Convicted in April 2006 of first-degree murder in the shooting death of Brittany Willis, Meeks says his actions are the reason another man, James Johnson, is now facing charges in the case – charges of which Meeks has said Johnson is innocent.

"If I would have never been stupid enough to do what I did, he would have never been put in that situation," Meeks said.

Police have said that Meeks and Johnson allegedly carjacked Willis at the Brentwood Shopping Center in Wilson in June 2004 and took her to a nearby field, where they robbed, raped and shot her.

Both were charged with first-degree murder, rape and kidnapping. Meeks pleaded guilty; Johnson was jailed for more than three years under a $1 million bond. (A third person, Julian Tyson Deans, 22, is also charged with accessory after the fact. He has been out of jail since 2004 and has not gone to trial.)

Amid a high-profile campaign by the North Carolina conference of the National Association for the Advancement of Colored People to dismiss the charges, Johnson, 21, was released on a reduced bond in September.

A special prosecutor dismissed the original charges in December after finding a lack of evidence to prove his guilt beyond a reasonable doubt.

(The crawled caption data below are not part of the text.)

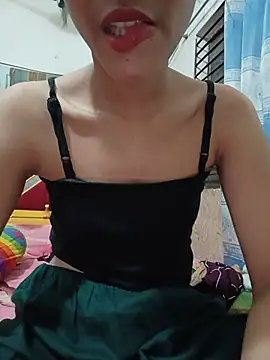 Green LaDY66 online show from June 26, 1:48 pm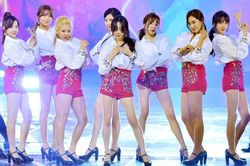 Chỉ 4 chữ của Sooyoung về tình hình comeback của Girls' Generation cũng đủ khiến dân tình rần rần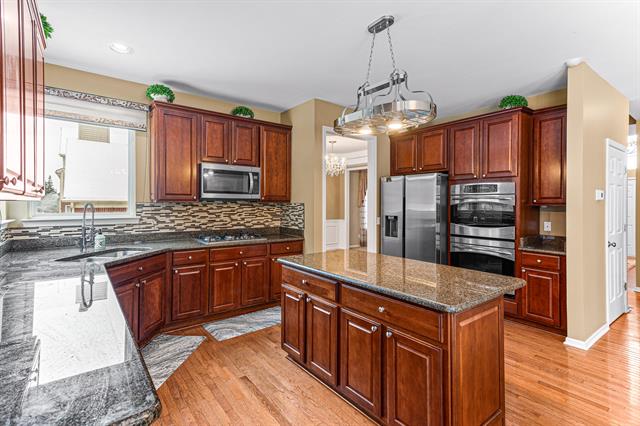 Builiding view fifteen for 49896 Parkside, Northville, MI. 48168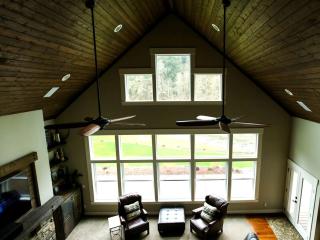 Riverfront Romantic Getaway Rental near Mount Pilchuck in Granite Falls, Washington - 7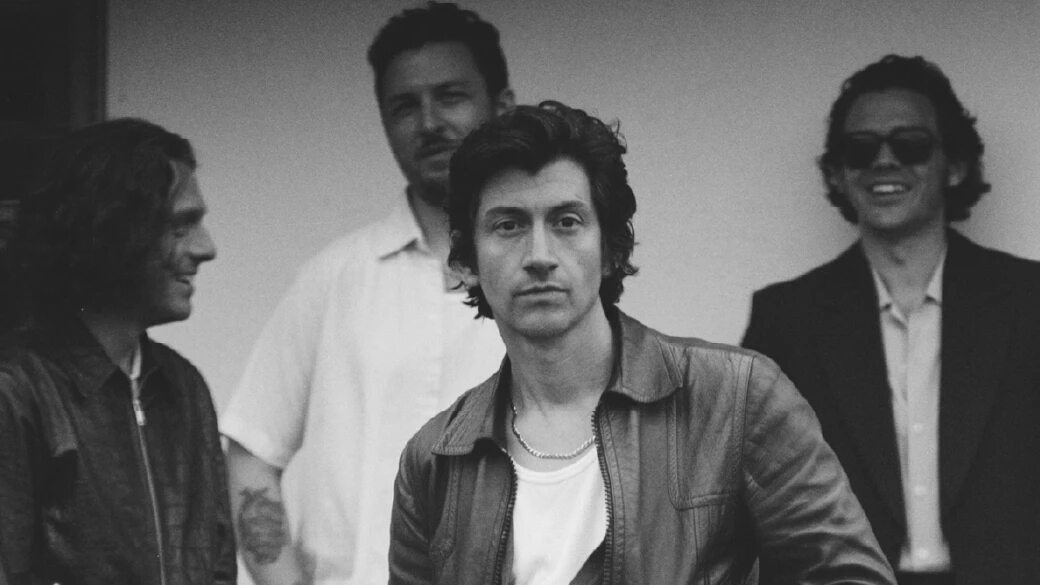 เห็นแล้วต้องขยี้ตา “ARCTIC MONKEYS” มาเปิดคอนเสิร์ตในไทยครั้งแรก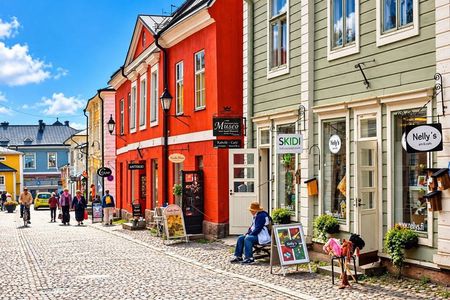 Porvoo Old Town & Riverside Heritage Guided Tour from Helsinki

Johnson, however, still faces a charge of being an accessory to murder after the fact to murder. He maintains his innocence, and the NAACP has insisted Johnson be treated as a witness, not a participant in the crime.

"I'm happy for him," Meeks said. "I hope he can go to college, like he's been trying to do."

Johnson has long insisted he is innocent, and no physical evidence connected him to the homicide or rape.

He turned in Meeks to police three days later for the crime after, he said, Meeks took him to the crime scene to see the body. Under duress, Johnson said, he helped clean Meeks' fingerprints off Willis' sport utility vehicle.

It was an April 24 handwritten letter to The Wilson Daily Times proclaiming Johnson's innocence that touched off public debate as to Johnson's innocence or guilt.

Meeks wrote it after "reading the newspaper, and seeing how they kept putting (Johnson) down when he was trying to build himself up and move on from this situation," he said.

In the letter, Meeks said that holding Johnson was "a crime in itself."

The NAACP has alleged misconduct on the part of the Wilson prosecutors who originally handled the case, and U.S. Rep. G.K. Butterfield Jr. has claimed the state violated Johnson's constitutional rights and has asked for a federal investigation into the case.

As for Willis' death, a stoic Meeks never mentioned it directly during the NC Wanted interview, referring to it with words such as "the incident" or "situation."

He, however, did offer an apology to Willis' family and said he regretted it.

"I don't know how I allowed myself to get to that point," he said. "I regret everything about it. I wish I would have stayed home that day."